Take advantage of the your spare time by taking it easy, get some good quality sleep so that your body feels energised on race day.
Do Some Daily Mobility Work
Many people do stretching and foam rolling but I am not convinced either makes any physical difference. Instead, I coach my runners to do the exercises in this video:
and this one:
These exercises will improve the mobility across all the joints meaning that your muscles will feel nice and loose going into the marathon. I recommend doing these 2-3 times daily for best results.
Think of standing on the start line with no tight calfs or hamstrings or glutes that need activated!
Planning For Race Day
If you haven’t already done this, make sure you are stocked up with everything you’re going to need on race day such as gels, vaseline to prevent chafing, plasters to cover your nipples, suntan lotion in case it’s going to be warm. I once chose not to wear any suntan lotion at the Edinburgh Marathon in 2010 as it was overcast before the race. As soon as the race started, the sun came out and I got sunburnt that day!
In addition to kit, it’s also wise to start planning your journey on race day so you know which trains you need to get on for London or where to park etc if, like me, you’re doing Stirling.
If you’re reading this, preparing for your first marathon and beginning to get really nervous, it’s ok, experienced marathon runners get that too!
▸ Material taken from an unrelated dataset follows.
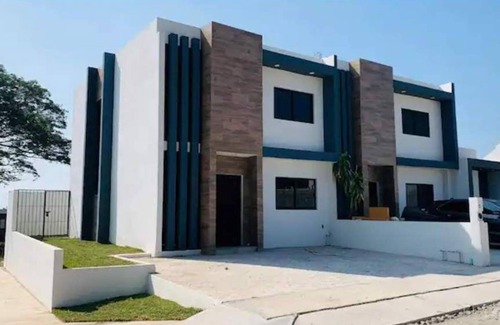 Colima House | Beautiful 3 bedroom 3 bath house for your get away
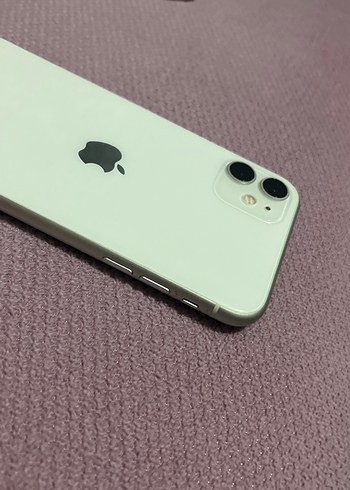 Beyaz Apple iPhone pastel renkli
Another useful tip is to start thinking about the kind of race you want to have, how you want to feel at the finish and the story you want to be able to tell everyone the day after. The marathon is as much a mental battle as a physical one and so having an idea of the experience you want is good.
Me? I will be doing all of this as well. I’m lucky in that I get a few hours break in the afternoons so I like to have a nap and take it easy before I go back to work for the evenings. I will be doing lots of mobility work as this has largely helped me and my coaching clients avoid injury throughout training and will be key for me on the day. I will do short runs on Tuesday and Thursday and run easy at parkrun on Saturday so that my legs are primed for Sunday.